How to complete this task:
I'd like the entries repeated exactly, without their pictures.

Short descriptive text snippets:
--------

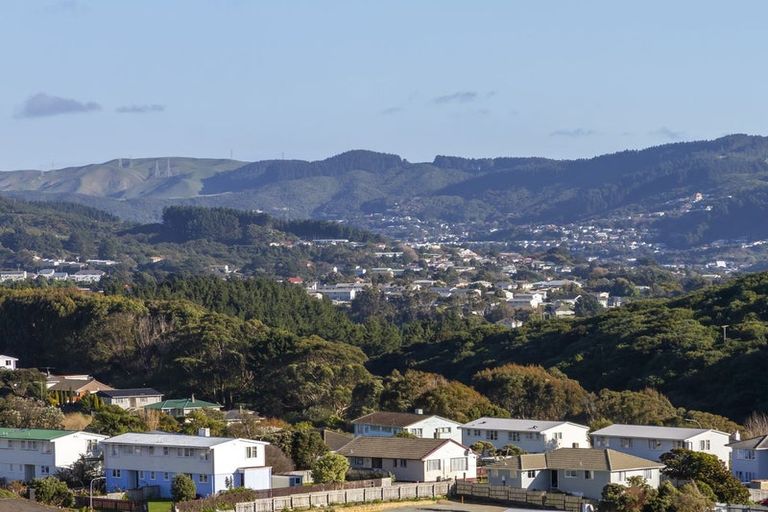 Photo of property in 22 Staysail Place, Whitby, Porirua, 5024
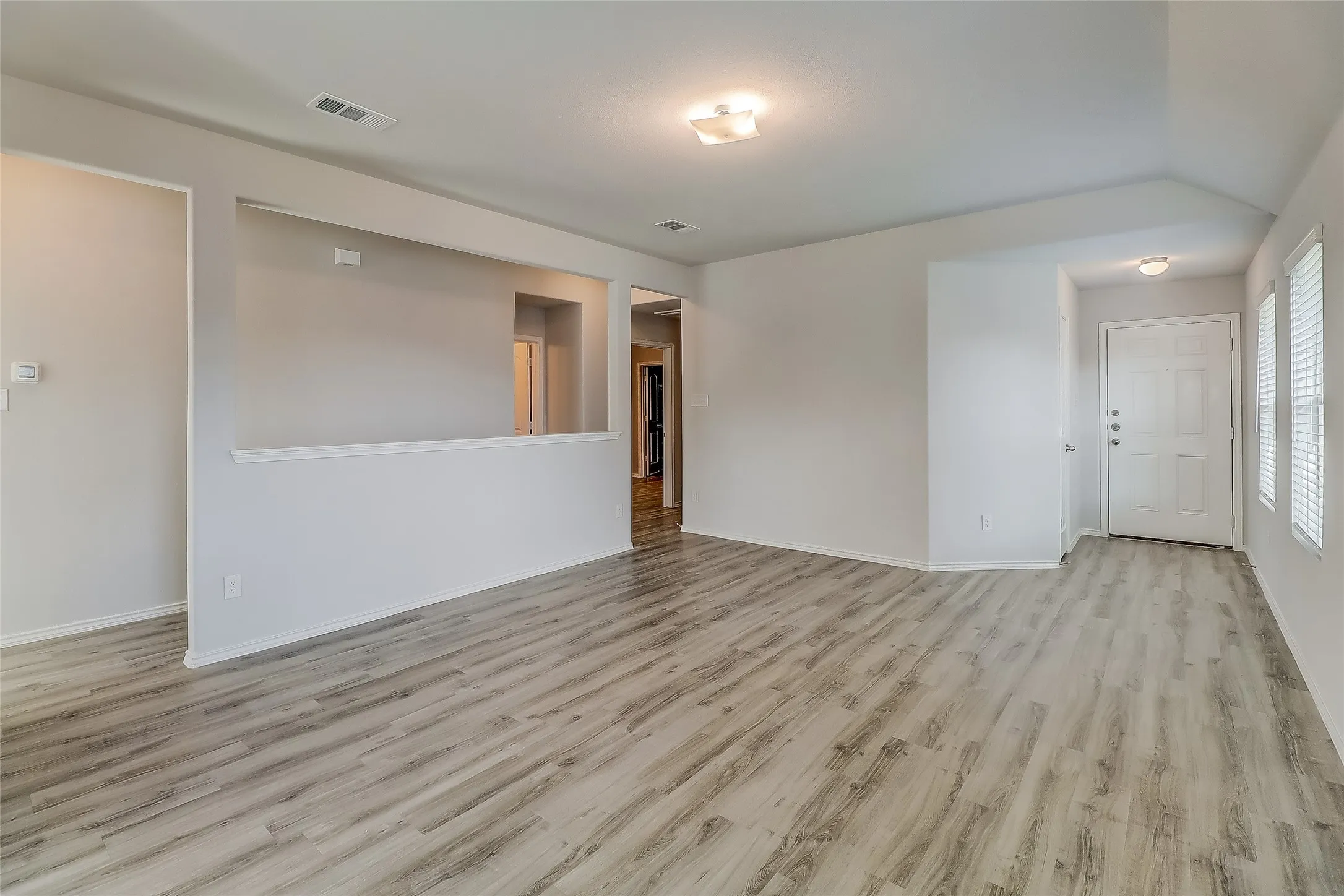 Single Family Residence For Rent in Ellis County , 1601 Oriole Drive, Ennis, Texas 75119, 3 Bedroom, 2 Bathroom, 2 Garage spaces, 1,398 Sqft, built in 2019, mls#21332353, Real Estate Agent in Ennis, Homes For Rent in Ellis county, Homes For Rent in Ennis, Realtor in Ennis Texas, Real Estate Brokerage Independent Realty Texas, Luminita Cordes Realtor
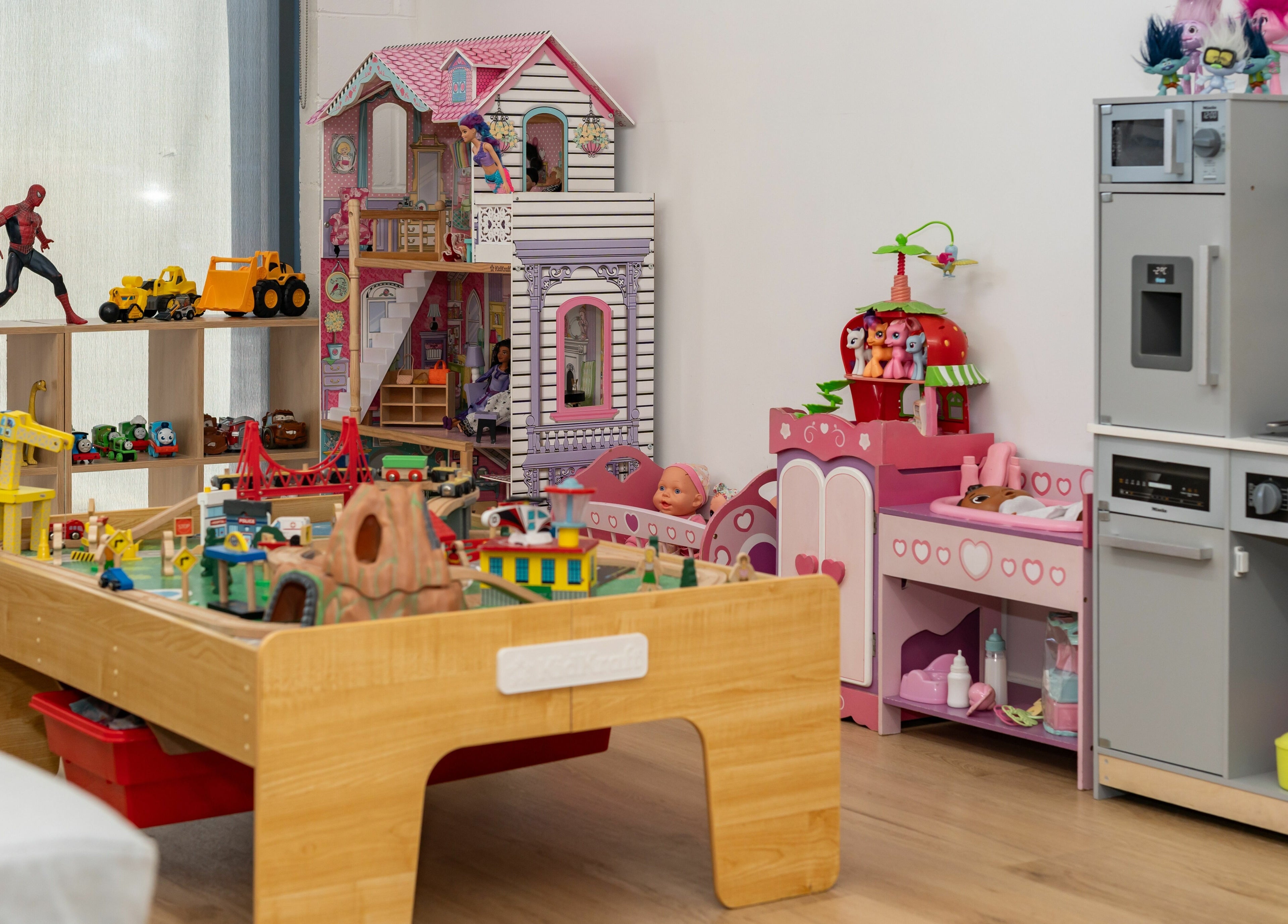 Deanies Kids Cuts in Currimundi, Queensland, AU offers a vibrant play area for children, featuring toys and decor.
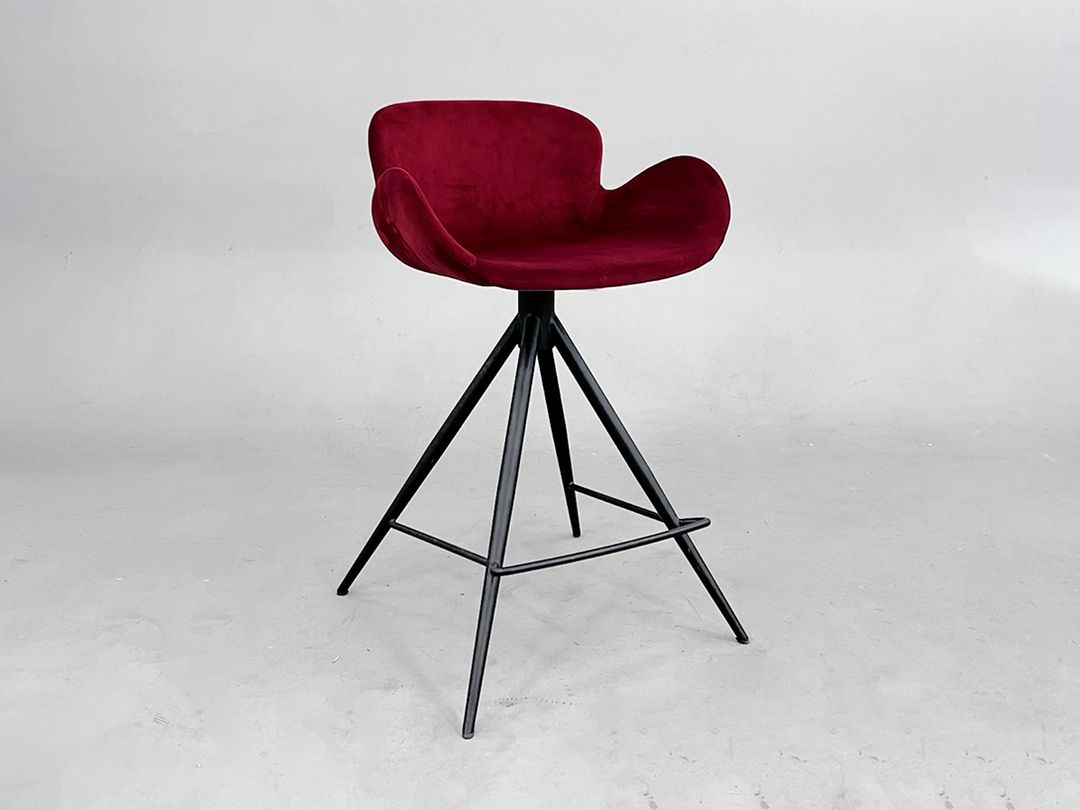Foto Cushy Gaia Barstool by Dan Form h86x55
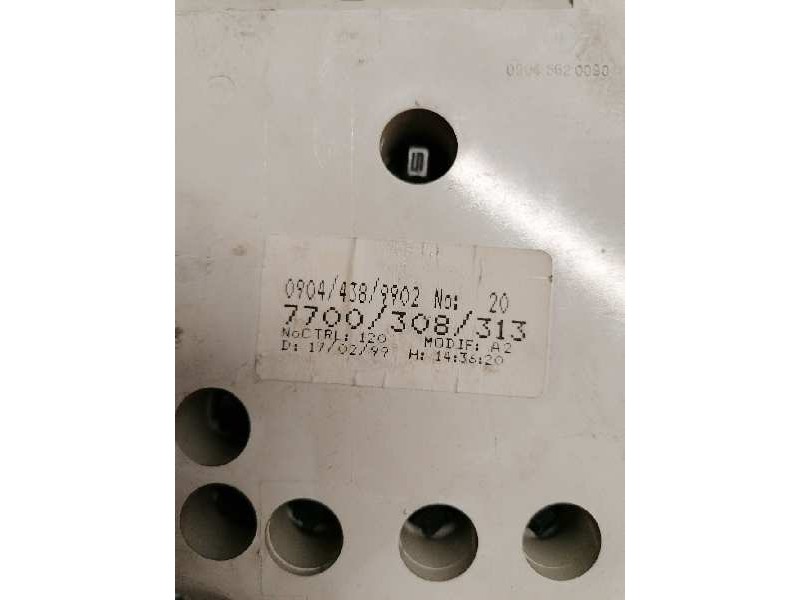 Recambio de cuadro instrumentos para renault trafic (desde 5.89) 2.0 referencia OEM IAM 7700308313  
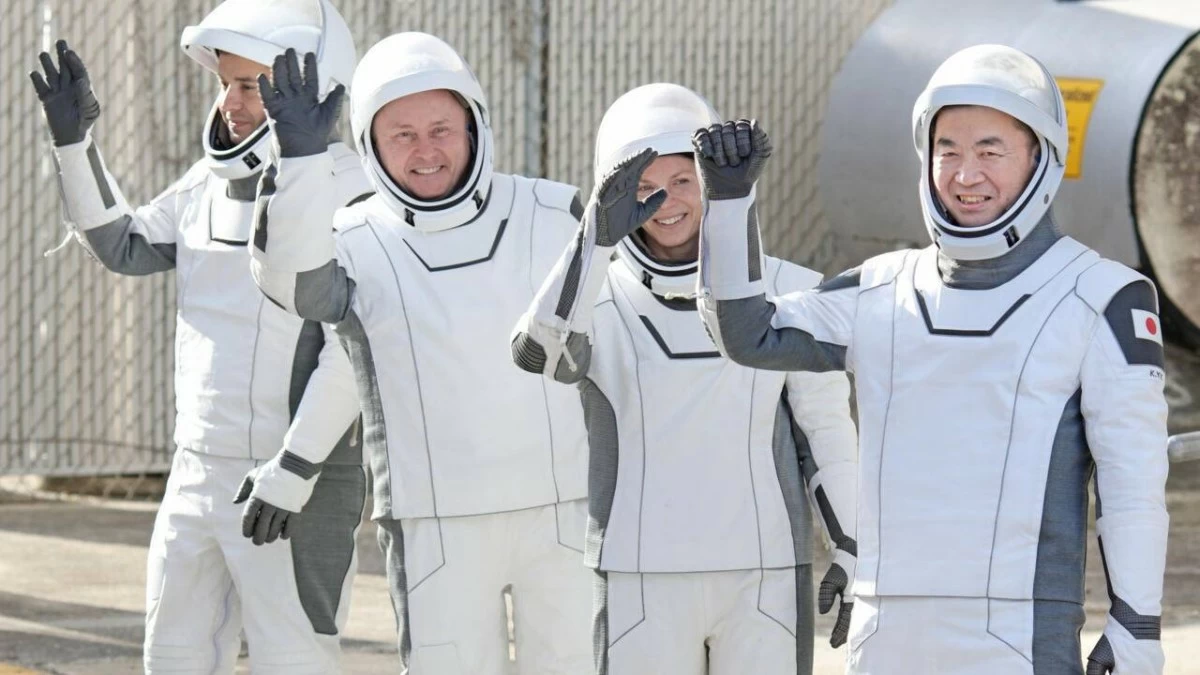 سياحة وسفر – يعود طاقم من محطة الفضاء الدولية إلى الأرض بسبب مشكلة صحية يعاني منها أحد أفراده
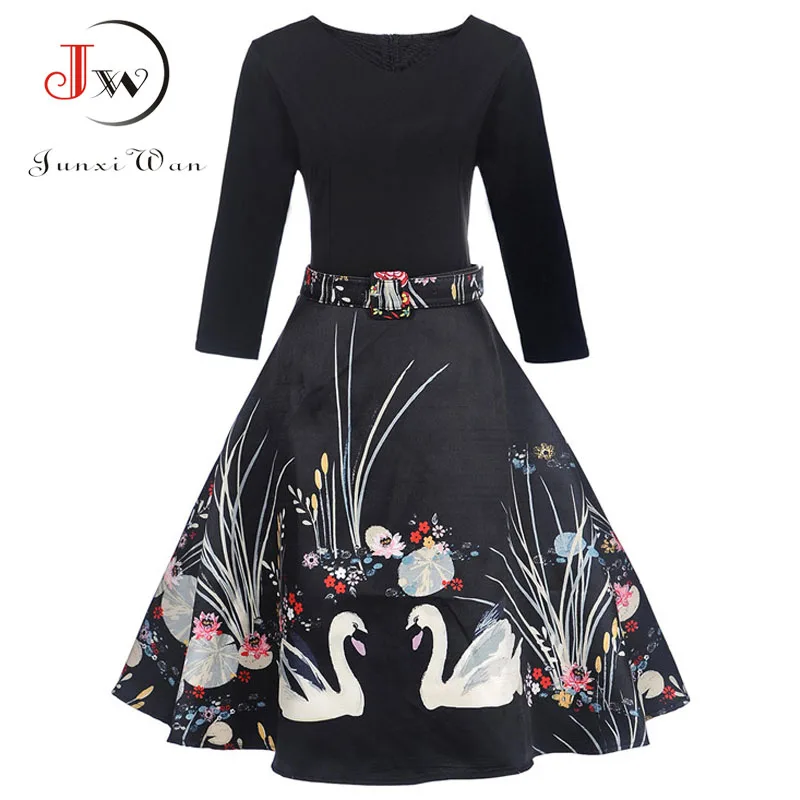 Plus Size Women Dress Vintage Zipper Floral Printed Tunic Big Swing 3/4 Sleeve Black Sexy V collar Party Dresses For Women
Plus Size Women Dress Vintage Zipper Floral Printed Tunic Big Swing 3/4 Sleeve Black Sexy V collar Party Dresses For Women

--------

Completed task:
 Photo of property in 22 Staysail Place, Whitby, Porirua, 5024
 Single Family Residence For Rent in Ellis County , 1601 Oriole Drive, Ennis, Texas 75119, 3 Bedroom, 2 Bathroom, 2 Garage spaces, 1,398 Sqft, built in 2019, mls#21332353, Real Estate Agent in Ennis, Homes For Rent in Ellis county, Homes For Rent in Ennis, Realtor in Ennis Texas, Real Estate Brokerage Independent Realty Texas, Luminita Cordes Realtor
 Deanies Kids Cuts in Currimundi, Queensland, AU offers a vibrant play area for children, featuring toys and decor.
Foto Cushy Gaia Barstool by Dan Form h86x55
 Recambio de cuadro instrumentos para renault trafic (desde 5.89) 2.0 referencia OEM IAM 7700308313  
 سياحة وسفر – يعود طاقم من محطة الفضاء الدولية إلى الأرض بسبب مشكلة صحية يعاني منها أحد أفراده
 Plus Size Women Dress Vintage Zipper Floral Printed Tunic Big Swing 3/4 Sleeve Black Sexy V collar Party Dresses For Women
Plus Size Women Dress Vintage Zipper Floral Printed Tunic Big Swing 3/4 Sleeve Black Sexy V collar Party Dresses For Women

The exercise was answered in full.